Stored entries
-------
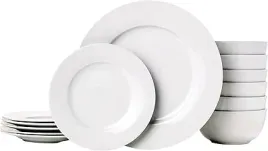 serwis-obiadowy-amazon-dla-6-osob-18-el-okragly-talerze-glebokie-bialy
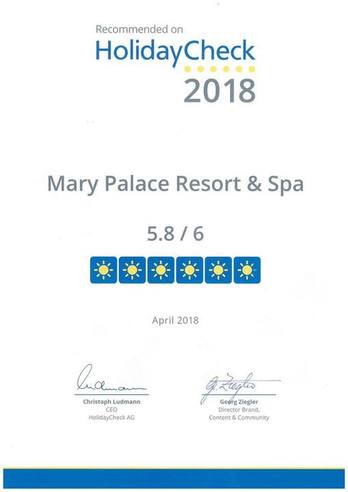 37203615_2150114938598477_726745918598021120_n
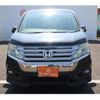 honda stepwagon 2013 -HONDA--Stepwgn DBA-RK5--RK5-1346790---HONDA--Stepwgn DBA-RK5--RK5-1346790- image 12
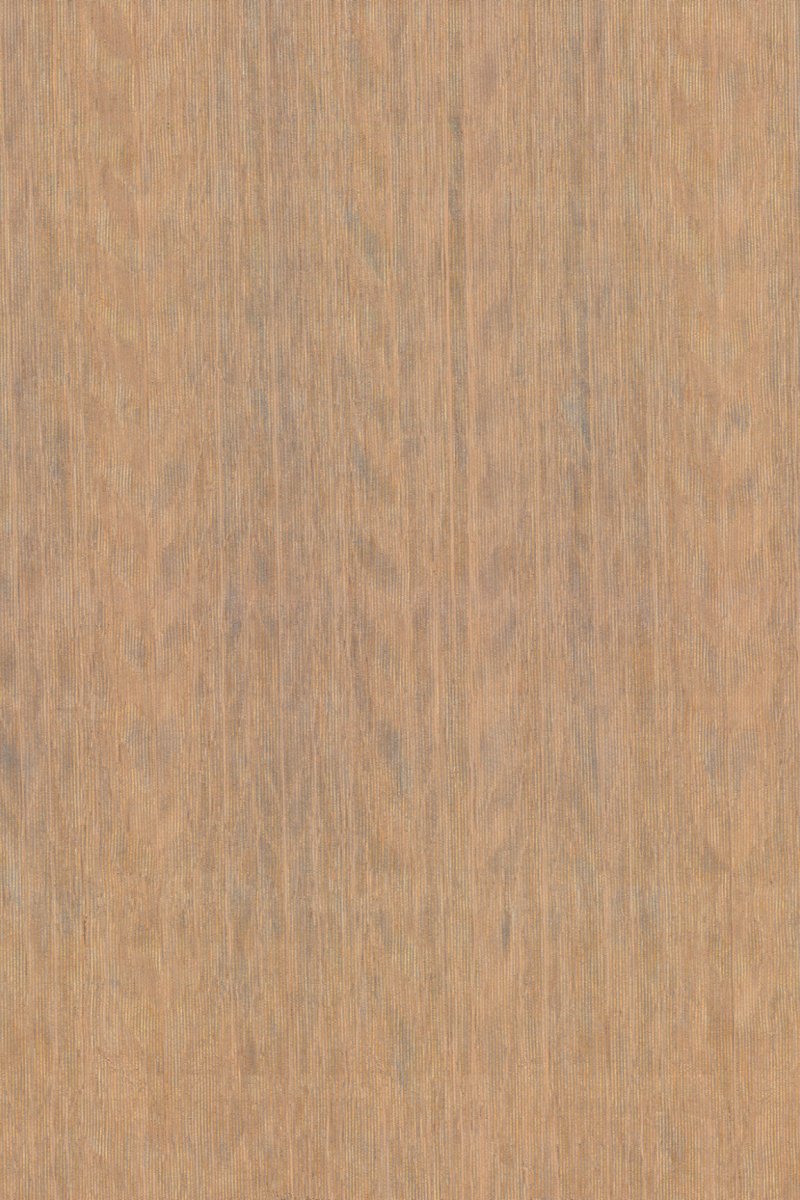 ARTE Fierce Amazone 2 23503 - LAB COLOUR THE WORLD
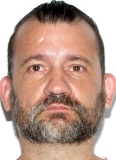 Bobby Palmer missing person case in Chatham, Virginia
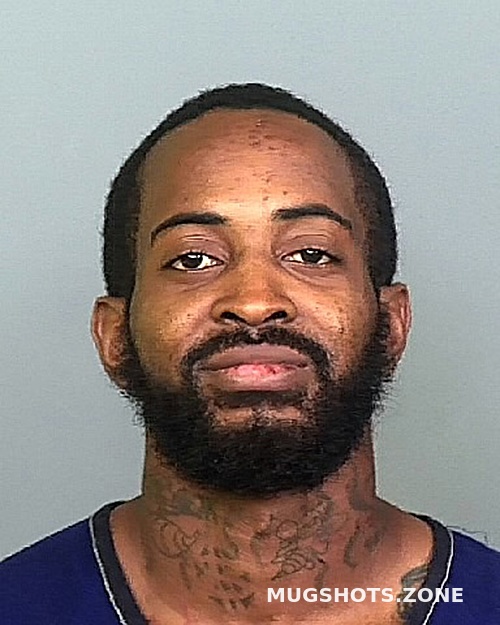 MARTIN NATHANIEL J 10/26/2022 Manatee County Mugshots Zone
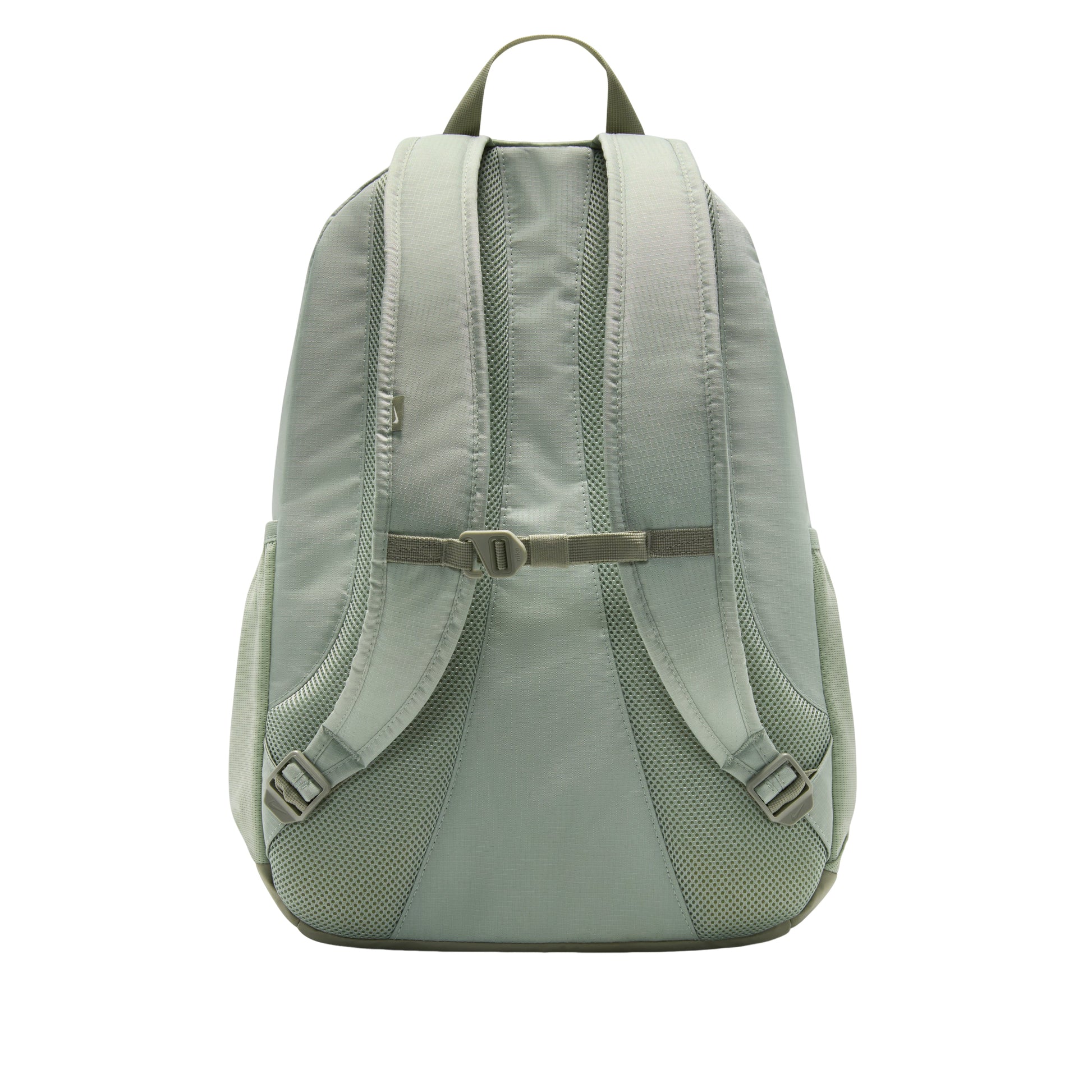 Nike 26L Hayward Backpack 'Jade Horizon Light Army' HJ8200-370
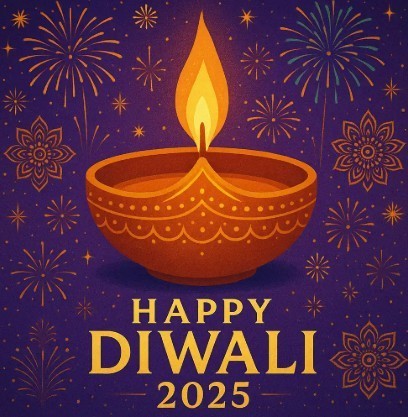 diwali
-------
### What the task asks
Reproduce all of the entries exactly as they appear, though any picture they include must be omitted.

### Your solution
 serwis-obiadowy-amazon-dla-6-osob-18-el-okragly-talerze-glebokie-bialy
 37203615_2150114938598477_726745918598021120_n
 honda stepwagon 2013 -HONDA--Stepwgn DBA-RK5--RK5-1346790---HONDA--Stepwgn DBA-RK5--RK5-1346790- image 12
 ARTE Fierce Amazone 2 23503 - LAB COLOUR THE WORLD
 Bobby Palmer missing person case in Chatham, Virginia
 MARTIN NATHANIEL J 10/26/2022 Manatee County Mugshots Zone
 Nike 26L Hayward Backpack 'Jade Horizon Light Army' HJ8200-370
 diwali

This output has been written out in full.